Development of an automated system for synthesizing 18F-labeled compounds using [18F]fluoroethyl bromide as a synthetic precursor.

An automated system was developed to synthesize 18F-labeled compounds using [18F]fluoroethyl bromide ([18F]FEtBr) as a synthetic precursor. The apparatus makes possible the following sequence of processes: (1) production of an aqueous solution of [18F]fluoride ([18F]F-), (2) recovery of [18F]F- from target chamber, (3) drying of [18F]F-, (4) formation and distillation of [18F]FEtBr into a trapping vessel, (5) alkylation of target compounds with [18F]FEtBr, (6) High performance liquid chromatography purification and (7) formulation. [18F]FEtBr, the synthetic precursor for fluoroethylation, was labeled via nucleophilic displacement of 2-trifluoromethanesulfonyloxy ethylbromide (BrCH2CH2OTf) with [18F]F- and was purified from the reaction mixture by distillation. After the conditions for forming [18F]FEtBr and drying [18F]F- were optimized, [18F]FEtBr was obtained in a radiochemical yield of 71 +/- 13% (n = 21, based on [18F]F-, corrected for decay) and a radiochemical purity of 98 +/- 1.4% at end of the syntheses (EOS). Using this automated system, [18F]fluoroethylspiperone ([18F]FEtSP) was prepared by reacting spiperone with [18F]FEtBr in a radiochemical yield and purity of 56 +/- 12% (n = 5, based on [18F]FEtBr, corrected for decay) and 97 +/- 1.5% with a specific activity of 310 +/- 120 GBq/mumol at EOS. The total synthesis time was 55 +/- 2.3 min from the end of bombardment and the developed system has proved to be reliable and reproducible.

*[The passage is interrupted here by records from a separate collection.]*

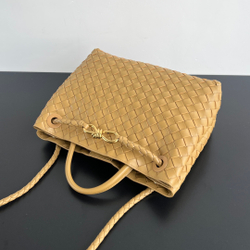 Bottega Veneta Medium Andiamo 32 cm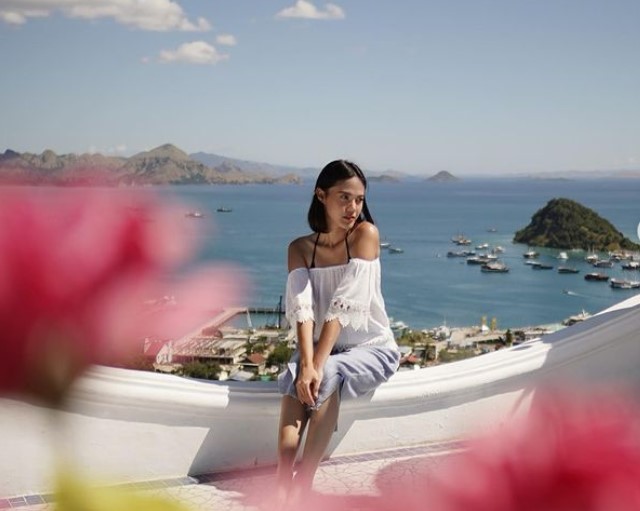 Selebritas Della Dartyan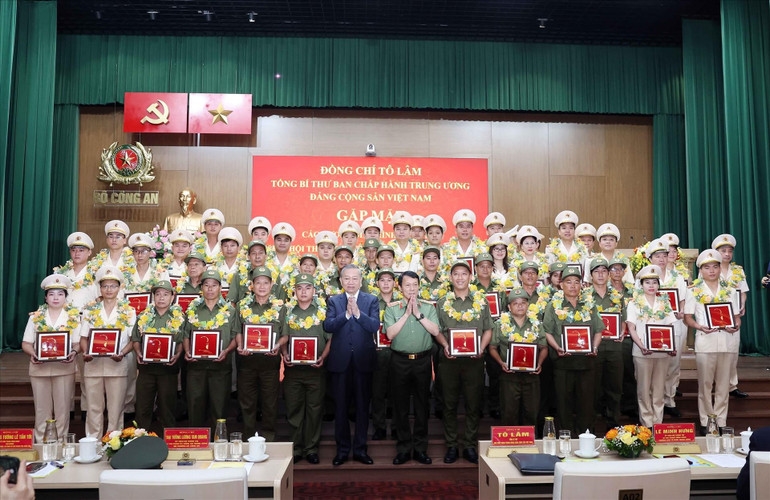 Tổng Bí thư Tô Lâm với các điển hình tiên tiến trong Công an nhân dân và lực lượng bảo vệ an ninh trật tự ở cơ sở. (Ảnh: THỐNG NHẤT/TTXVN) 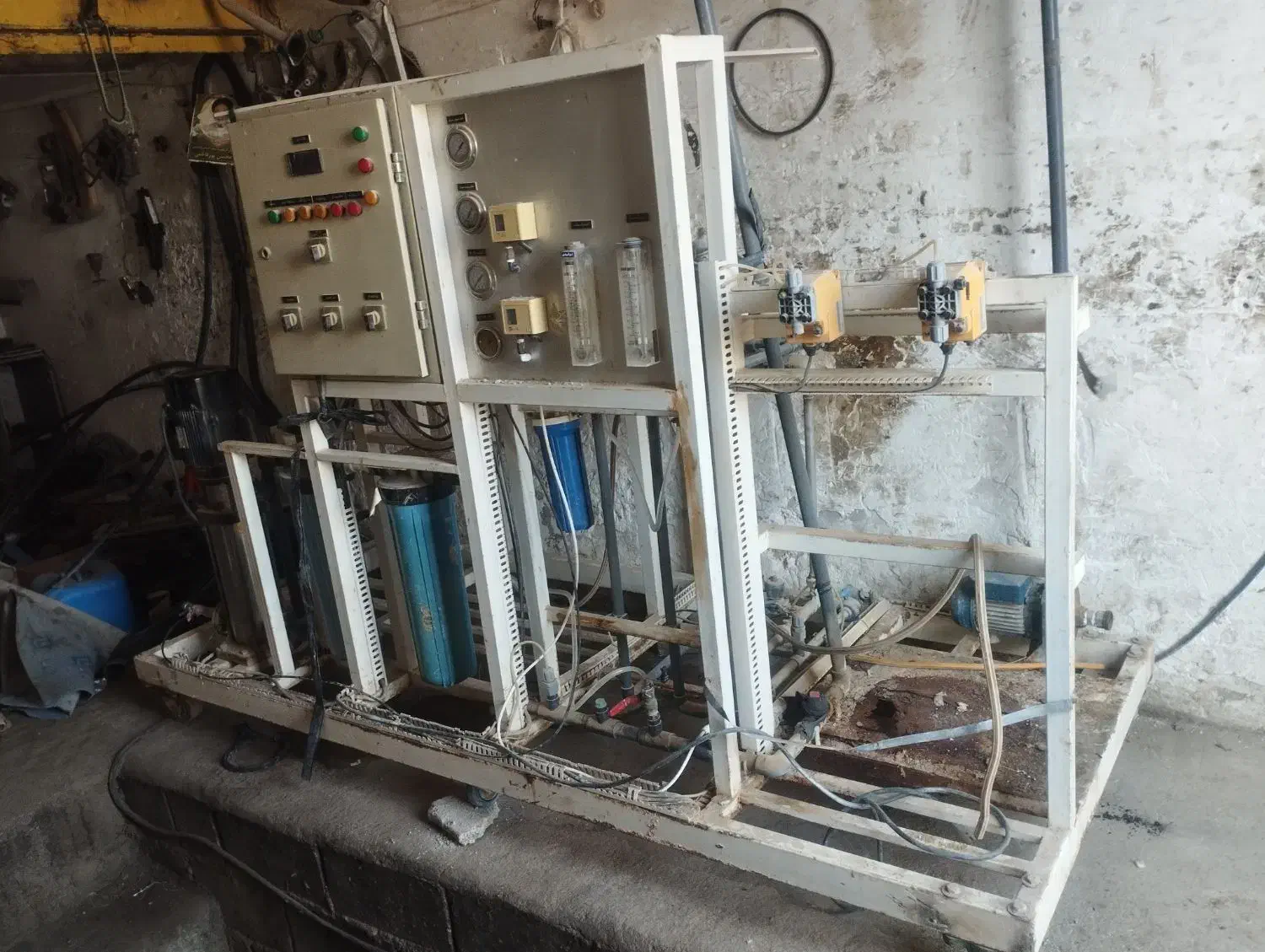 آب شیرینکن ایتالیایی 25000|ماشین‌آلات صنعتی|کاکی, |دیوار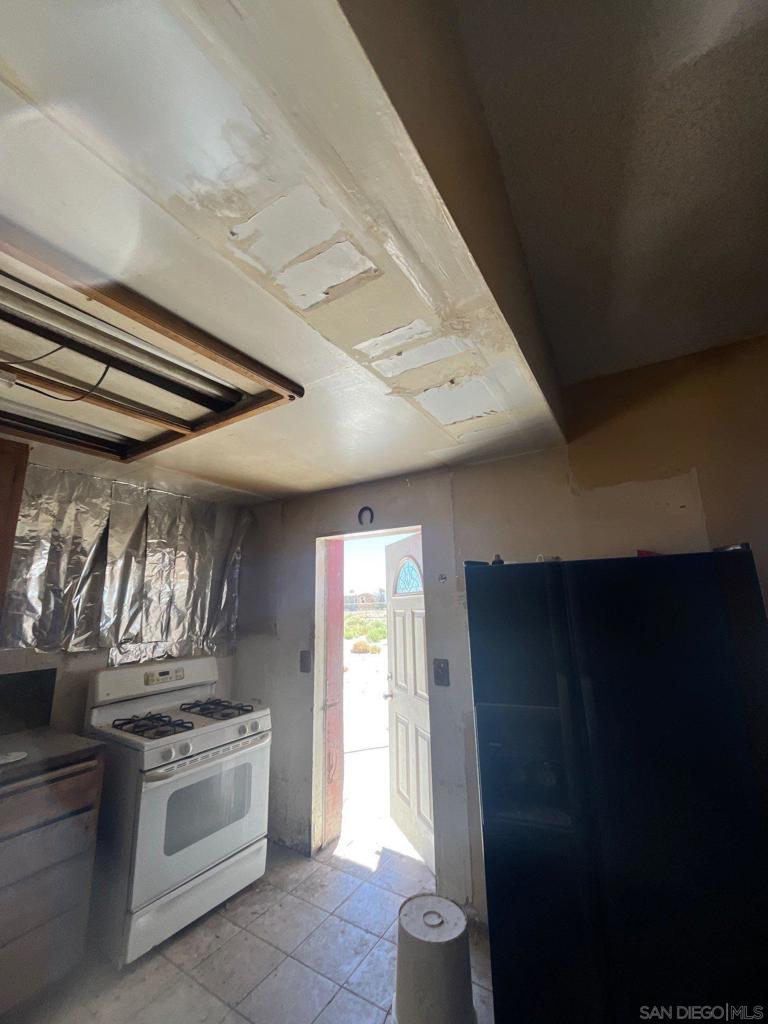 1055 Calle De Amistad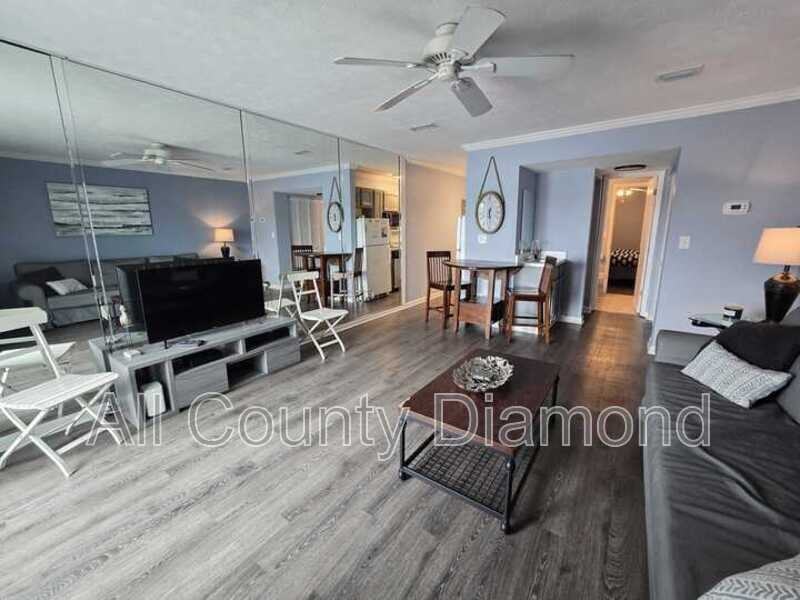 301 Lullwater Dr #401 - Photo 6 of 13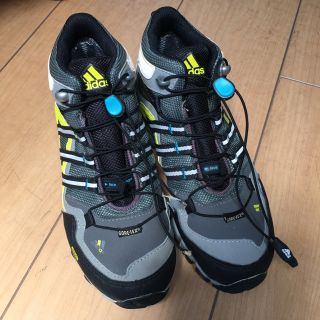 アディダス(adidas)のadidas ゴアテックス・トレッキングシューズ(登山用品)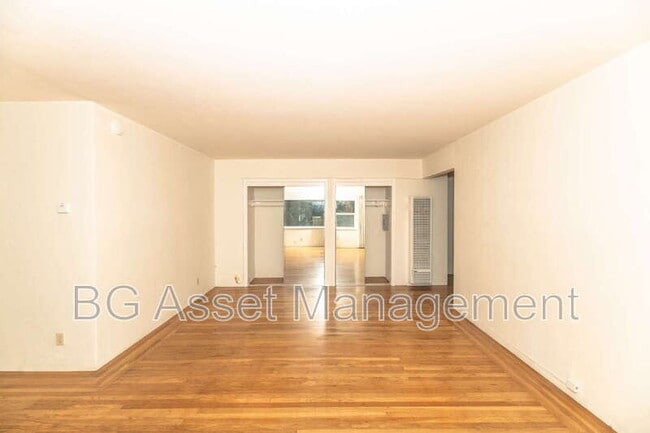 Photo - 846 York St Apartment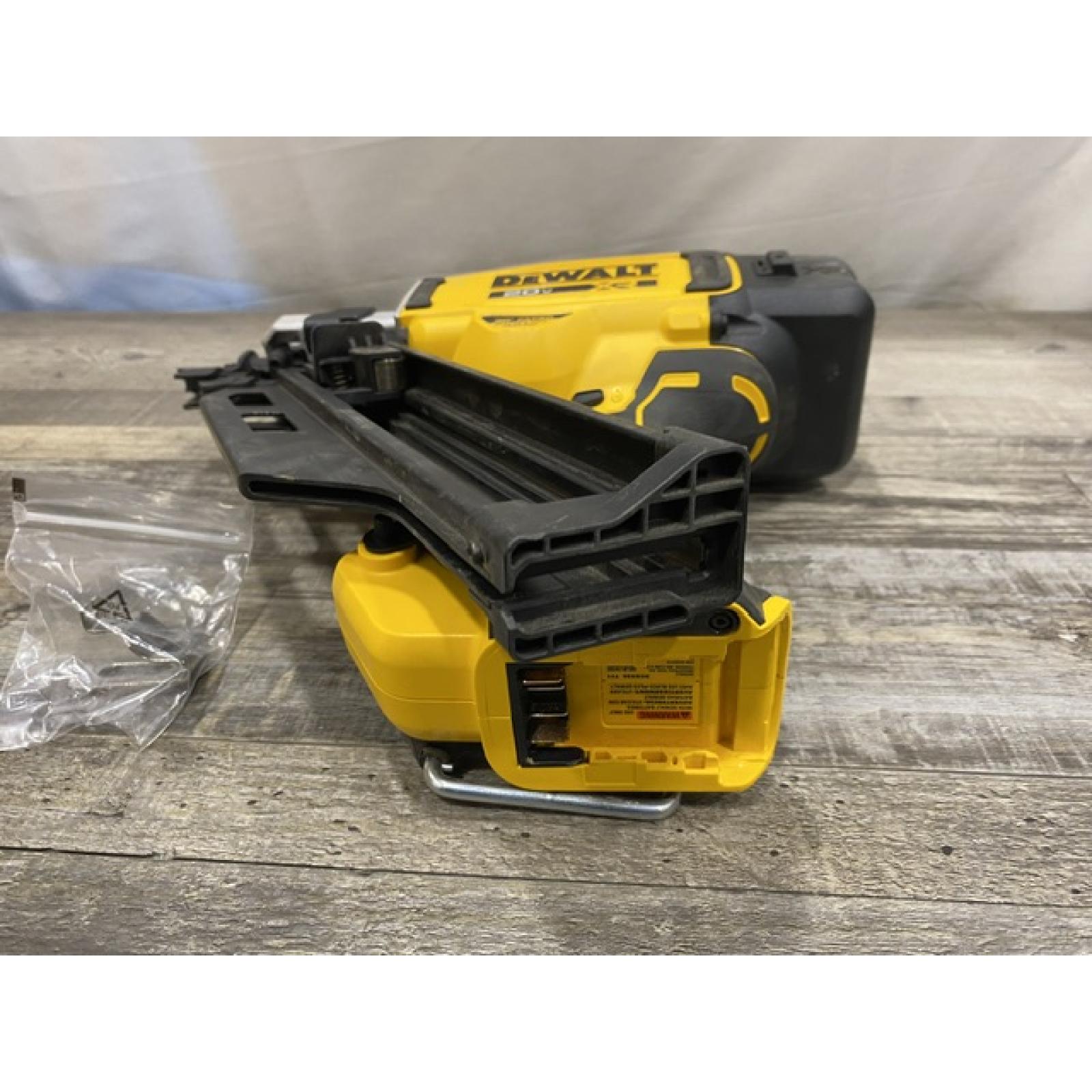 AS-IS DEWALT 20V 30 Degree Cordless Framing Nailer (Tool-Only)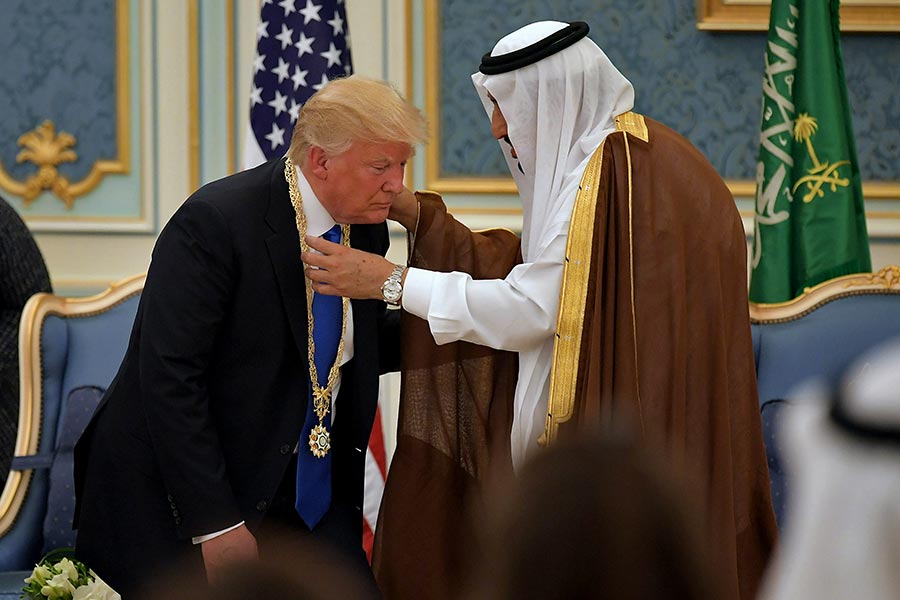 特朗普在沙特皇宮接受最高榮譽。（MANDEL NGAN/AFP/Getty Images）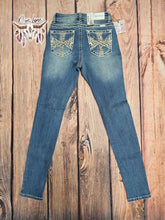 Load image into Gallery viewer, Sabrina Skinny Jeans
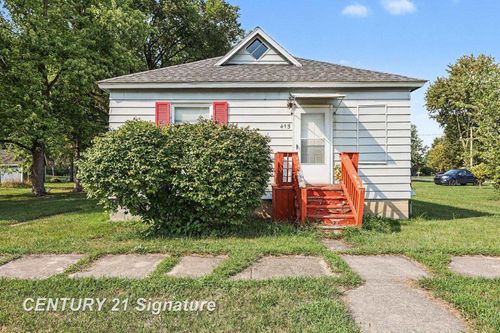 415 E Belle Avenue, St Charles Village, MI, 48655 | Card Image
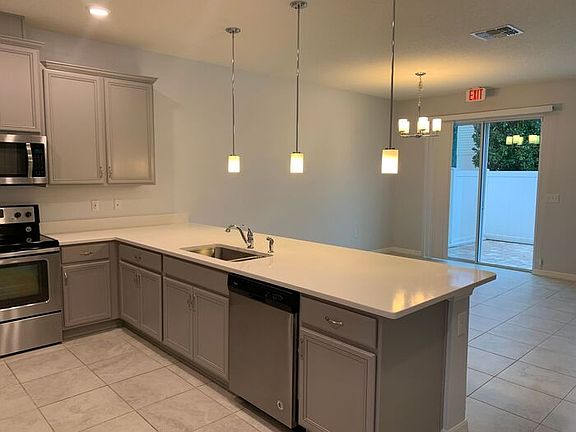 4th image of 5124 Crown Haven Dr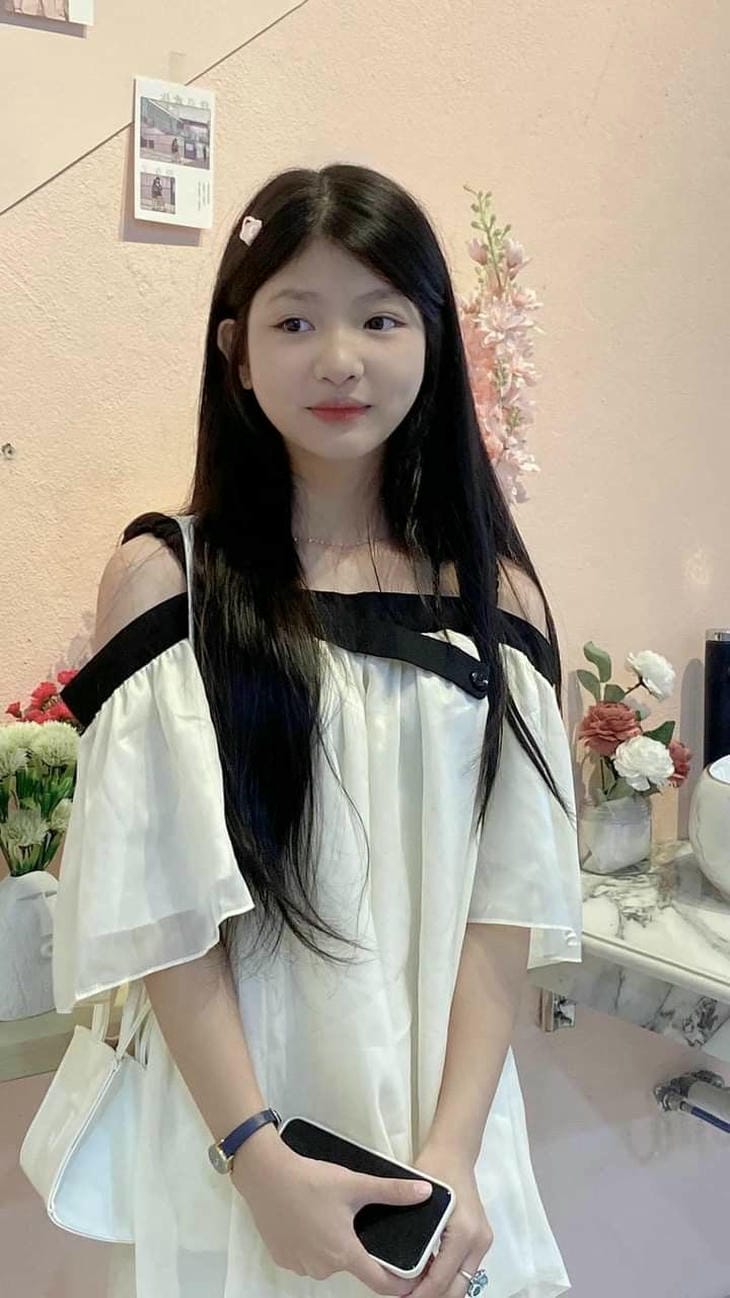 gái xinh 2k4 tóc dài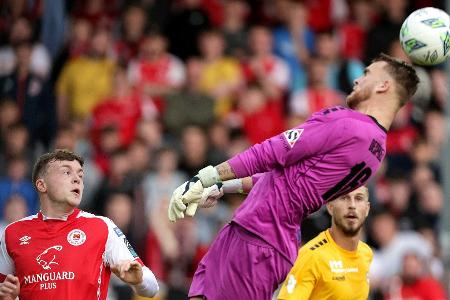 Wie einst Piplica: Torwart unterläuft Eigentor per Kopf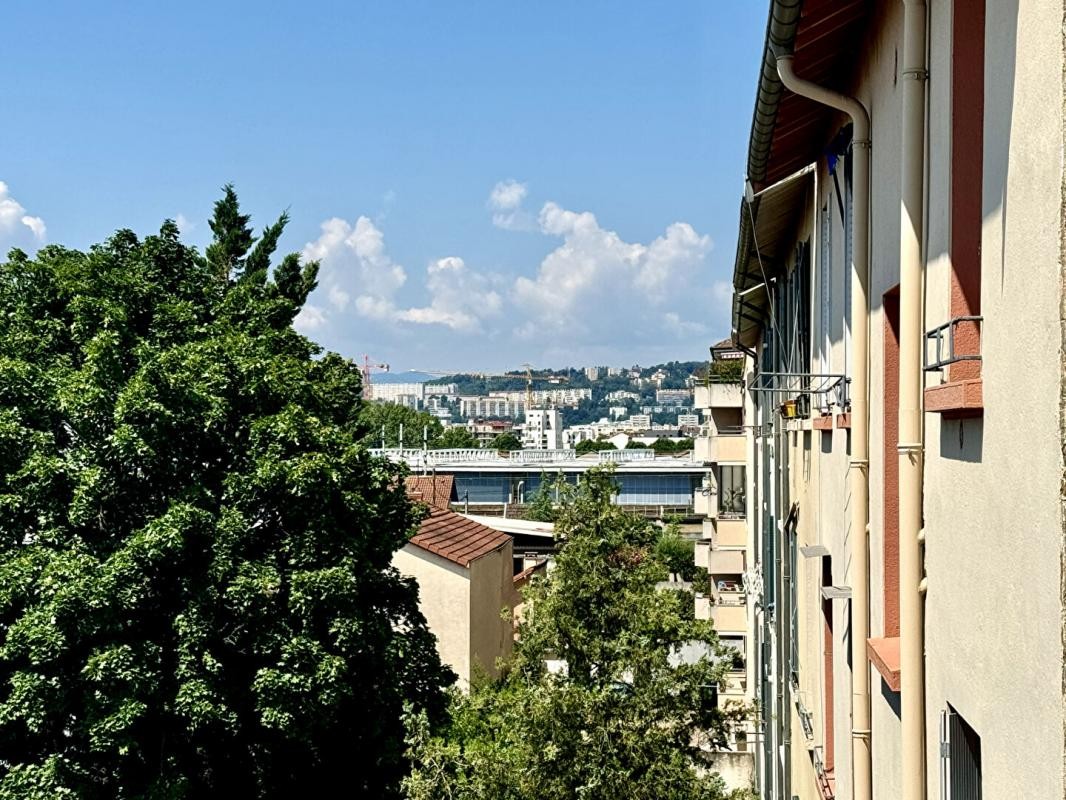 Vente Appartement à Lyon 8e arrondissement 4 pièces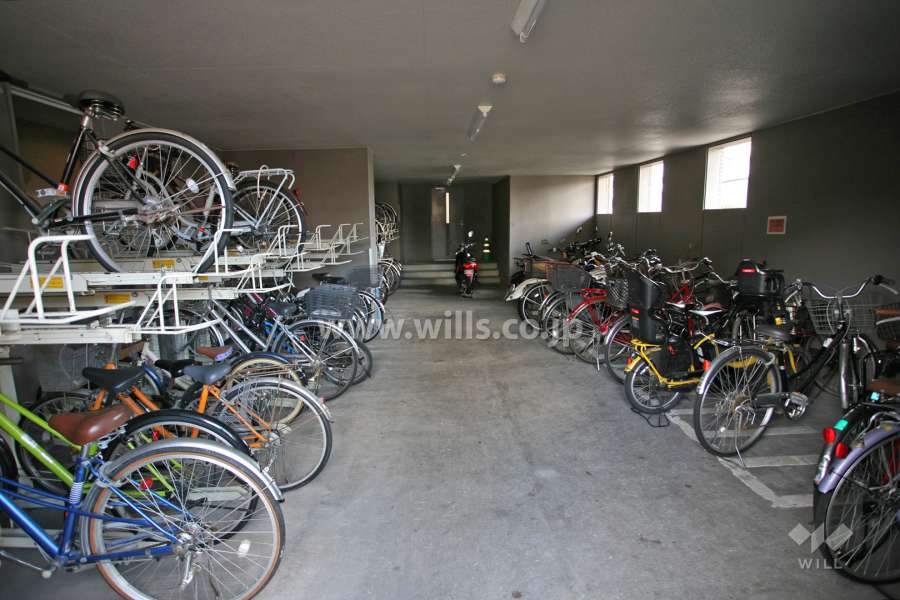 屋内に設けられた駐輪場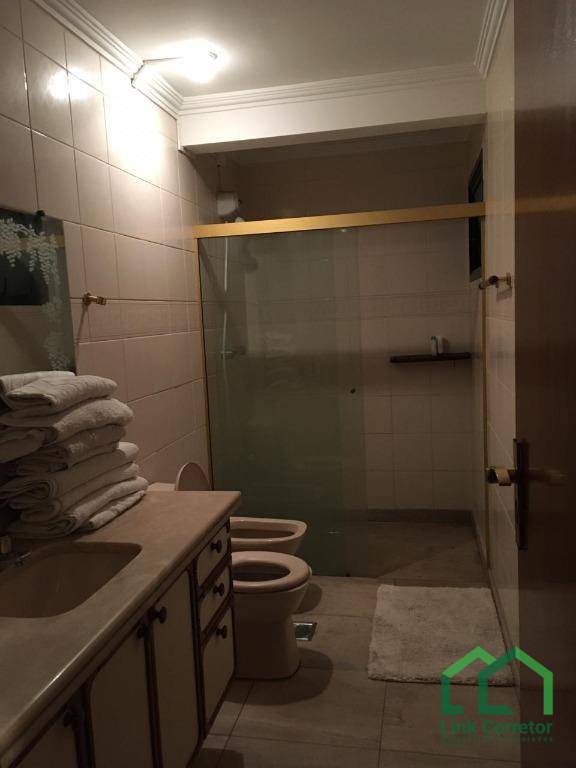 Apartamento à venda e aluguel com 4 quartos, 307m² - Foto 21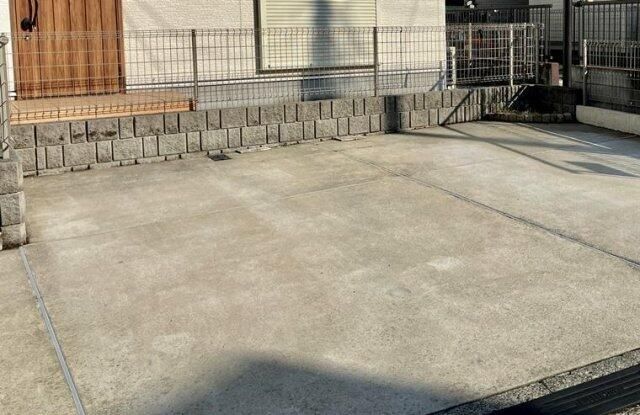 洋光台戸建 駐車場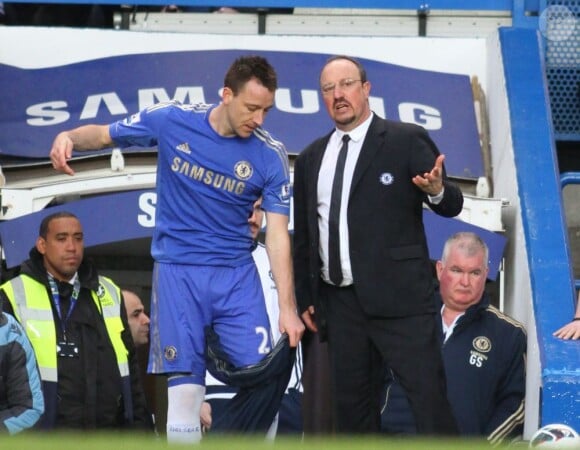 Rafa Benitez et John Terry à Stamford Bridge le 17 mars 2013.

Synthesis and preliminary evaluation of [18F]FEtP4A, a promising PET tracer for mapping acetylcholinesterase in vivo.

N-[18F]Fluoroethyl-4-piperidyl acetate ([18F]FEtP4A), an analog of [11C]MP4A for mapping brain acetylcholineseterase (AchE) activity, was prepared by reacting 4-piperidyl acetate (P4A) with [18F]fluoroethyl bromide ([18F]FEtBr) using a newly developed automated system. Preliminary evaluation showed that the initial uptake of [18F]FEtP4A in the mouse brain was > 8% injected dose/g tissue. The distribution pattern of [18F]FEtP4A in the brain was striatum>cerebral cortex>cerebellum within 10-120 min post-injection, which reflected the distribution rank pattern of AchE activity in the brain. Moreover, chemical analysis of in vivo radioactive metabolites in the mouse brain indicated that 83% of [18F]FEtP4A was hydrolyzed to N-[18F]fluoroethyl-4-piperidinol ([18F]FEtP4OH) after 1 min intravenous injection. From these results, [18F]FEtP4A may become a promising PET tracer for mapping the AchE in vivo.